Le Plâtrier siffleur est un très mince recueil (15 pages) publié en 2018 chez Poésis éditeur.
Christian Bobin y défend des valeurs de frugalité, de pauvreté, d’humanité, contre les valeurs contemporaines de technicité, d’abondance, de consumérisme.
Bien que je n’adhère pas complètement à ces idées j’ai trouvé ce petit livre très joli, et on retrouve toujours avec joie l’écriture de ce poète.

Extrait page 5

Je ne pense pas que la nature connaisse la solitude terrible dans laquelle nous pouvons nous trouver. Je suis parfois soufflé par la conversation incessante du pré qui fait face à la fenêtre devant laquelle j’écris. Je regarde, je n’entends rien, la fenêtre est fermée, et quand bien même serait-elle ouverte, aucune rumeur ne me parviendrait, mais je vois très bien l’agitation des brins. Ils sont comme huilés par la lumière. Si j’avais le talent de regarder à fond – un talent qui me manque trop souvent -, je verrais, parce que je le sens, que chaque brin est différent du brin voisin. Ils sont sans arrêt pris dans un événement.

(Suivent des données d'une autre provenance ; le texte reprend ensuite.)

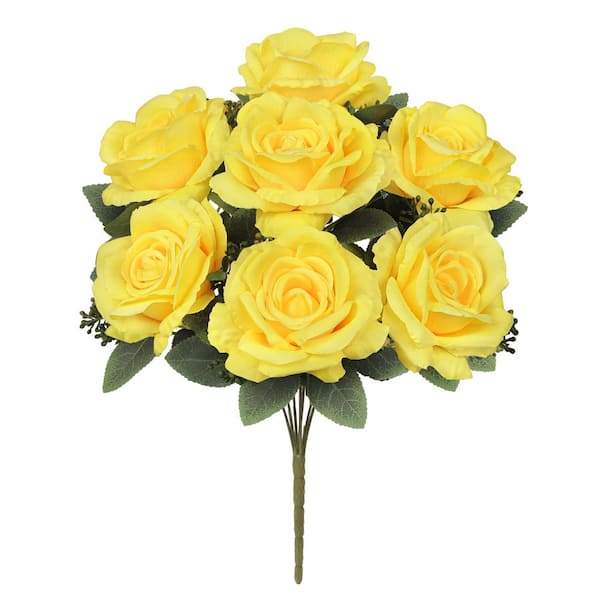 LIVING LUXURY 17 in. Deluxe Yellow Artificial Elegant Rose Flower Stem Bush Bouquet (Set of 2)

Dans l’événement de la brise, de la pluie, dans l’événement des lumières qui vont, qui viennent, qui s’affairent on ne sait trop à quoi, du jour qui s’en va, du froid qui remonte de la terre. Est-ce qu’il y aura encore un autre jour ? Le pré est rempli de mille questions qui sont sans impatience d’une réponse. (…)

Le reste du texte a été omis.